Nickel sulphide mining can be a tough and dangerous business, as the underground mines in Western Australia often have to deal with tricky geological conditions and variable grades. Compared to the mining, putting sulphides through a concentrator and then sending the product to a smelter and refinery, is a relative breeze.
In laterites, the opposite is true. This type of nickel occurs close to the surface in relatively consistent grades and is amenable to open-cut mining. But extracting the nickel from the ore is a technically complex process involving leaching it with acid - often at high temperatures.

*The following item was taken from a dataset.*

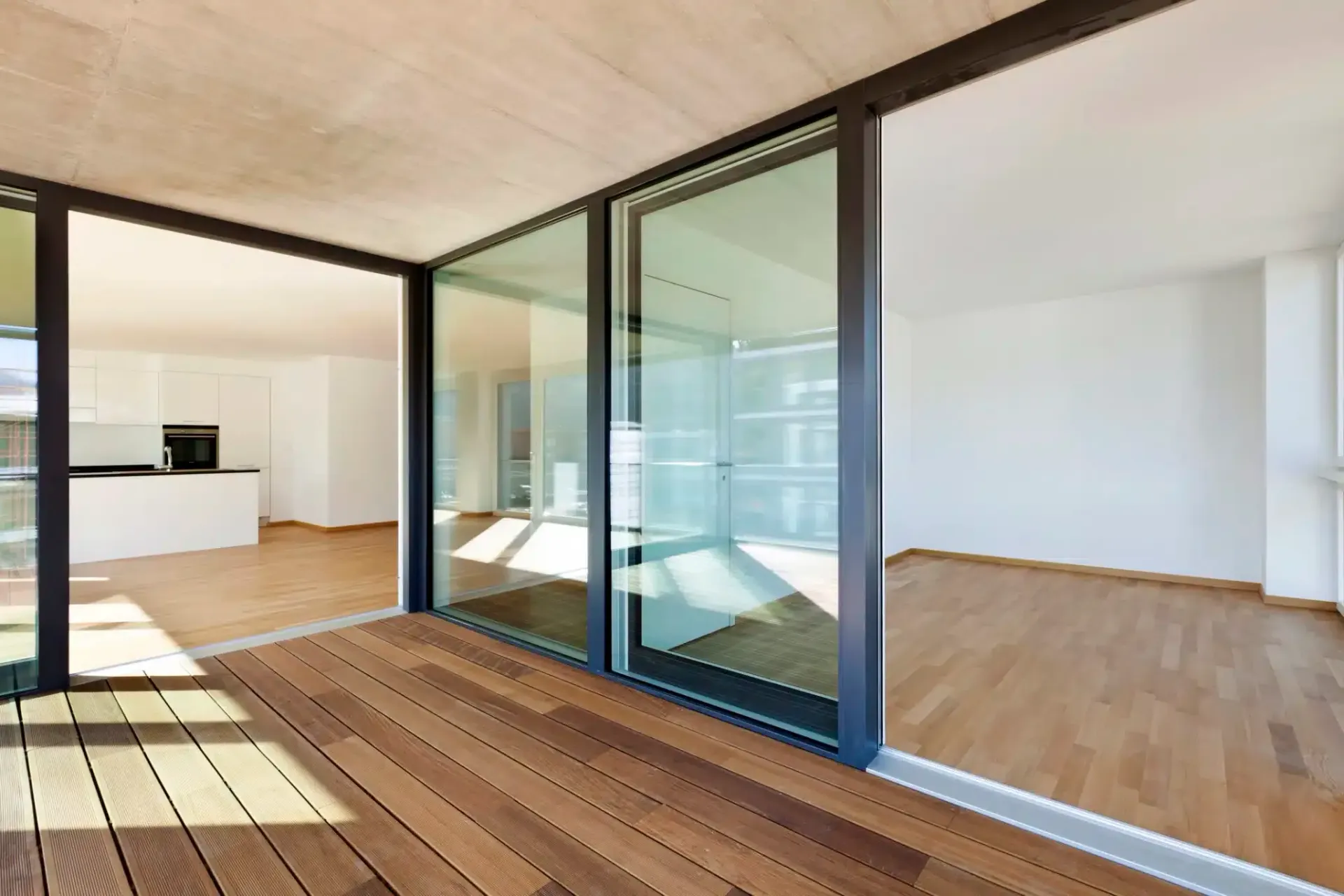 Wooden deck with sliding glass doors opening to a modern interior with wood floors and white walls.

Given the choice between the two types of nickel mining, most companies would opt for sulphides, which are much cheaper to develop. But the lack of big nickel sulphide discoveries in recent years has pushed miners to examine laterite projects more closely. Many sulphide mines produce less than 10,000 tonnes a year, while a laterite operation can produce up to 60,000 tonnes a year.
At the opening of BHP Billiton's $US2.2 billion Ravensthorpe laterite operation last week - an innovative combination of atmospheric leaching and high-pressure acid leaching - the company acknowledged most of its future nickel projects were likely to be laterites rather than sulphides.
Smaller companies are following suit. With laterites widely acknowledged as the future of the nickel industry, The Drum has examined some investment options.
Off to a slow start
When it comes to standalone investment opportunities in nickel laterite in Australia, Minara Resourcesis the only miner in production. But it is also a prime example of the technical difficulties of processing laterite ore.
The Murrin Murrin mine in WA is a 60/40 joint venture between Minara and Swiss commodities trader Glencore. But Glencore also holds a 53 per cent stake in the miner.
Since entering production nine years ago, the high-pressure acid leach plant has never reached its intended production rate of 40,000 tonnes a year. It expects to produce 34,000 to 38,000 tonnes this year, following a maintenance shutdown last year, which was meant to fix some of the plant's problems. After completing a $70 million test program, Minara recently approved a $300 million heap leach project. It could deliver an extra 8000 to 10,000 tonnes of production starting from late next year, but the downside is the process is much slower than the leaching in the high-pressure acid leaching plant and the recoveries are lower.